Aim of the exercise: Leaving out every picture, copy the lines of the data exactly, from the first through the line containing "Shift management is".

Data shown:
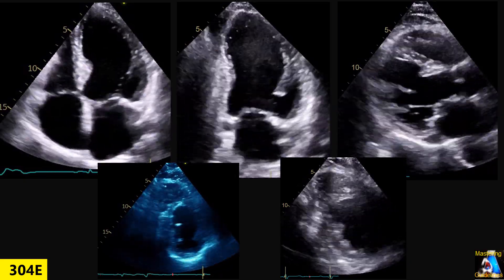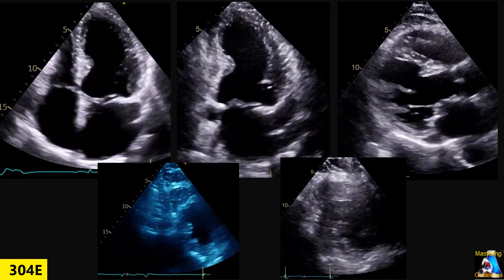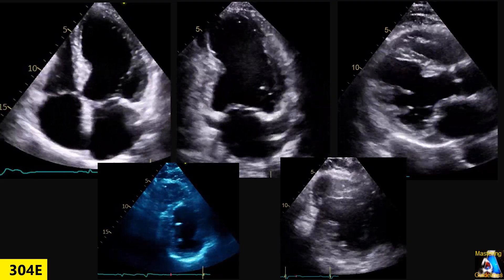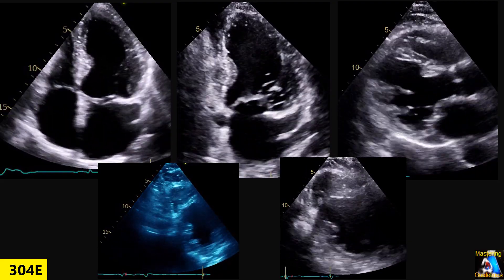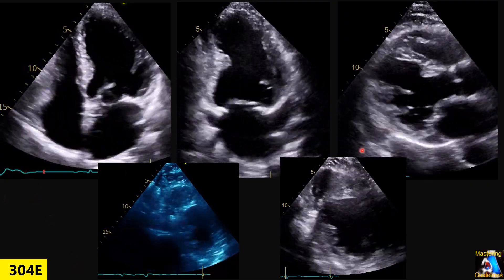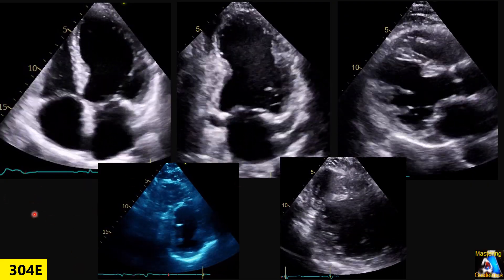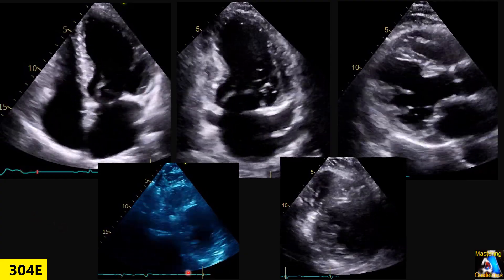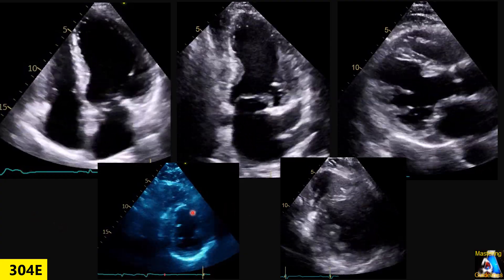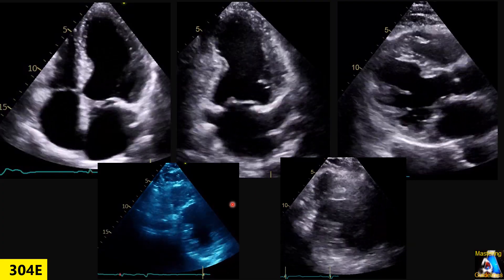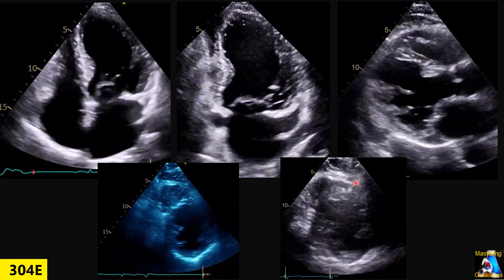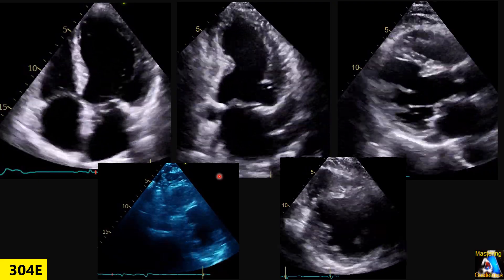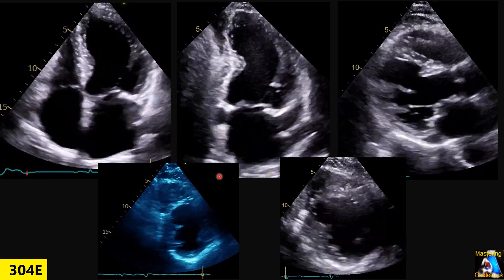The most important parameter and criteria for detecting coronary artery disease — especially in cases with bundle branch block, because they have abnormal wall motion too — is thickening of the myocardium. Whenever we have challenging and complicated cases, we have to go and find those criteria.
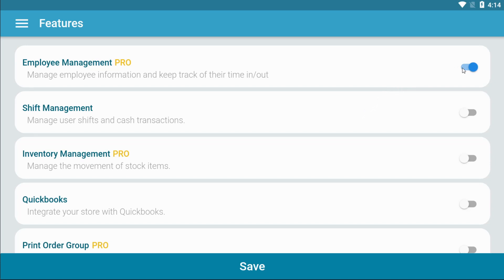Shift management is a free feature. It helps you manage the shifts between your employees.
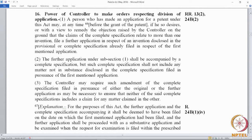Section 16.1 allows the applicant to file a further application in respect of an invention disclosed in the provisional or complete specification already filed in respect of the first mentioned application. The disclosure is already made; the claims have to be separated. So if the claims contain two inventions A and B, when the applicant files the divisional — called here the "further application" — they will remove all the claims pertaining to invention B and put them in the further application. But the disclosure made in the provisional or complete specification filed earlier will remain the same. A divisional is a process of separating the claims because they pertain to more than one invention.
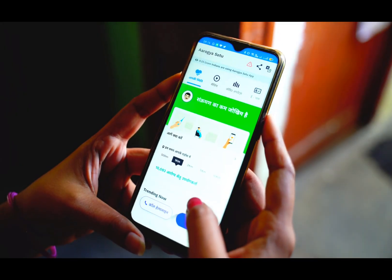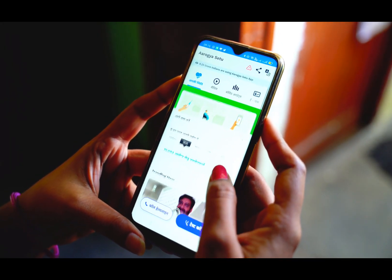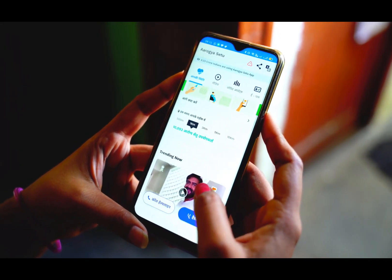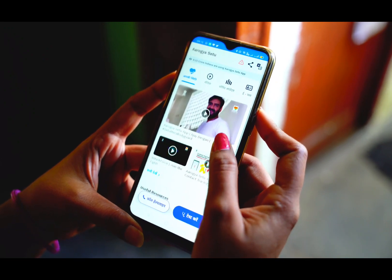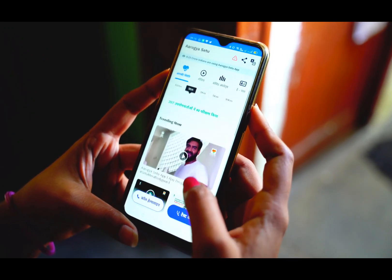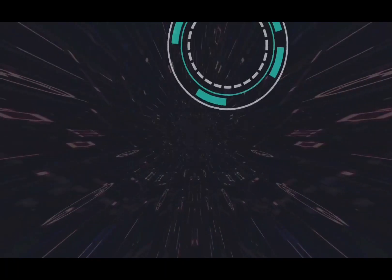Greetings Techno lovers! Welcome to my YouTube channel and video. In today's video, I will share with you 10 dangerous features of the popular TikTok app.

Solution:
The most important parameter and criteria for detecting coronary artery disease — especially in cases with bundle branch block, because they have abnormal wall motion too — is thickening of the myocardium. Whenever we have challenging and complicated cases, we have to go and find those criteria.
Shift management is a free feature. It helps you manage the shifts between your employees.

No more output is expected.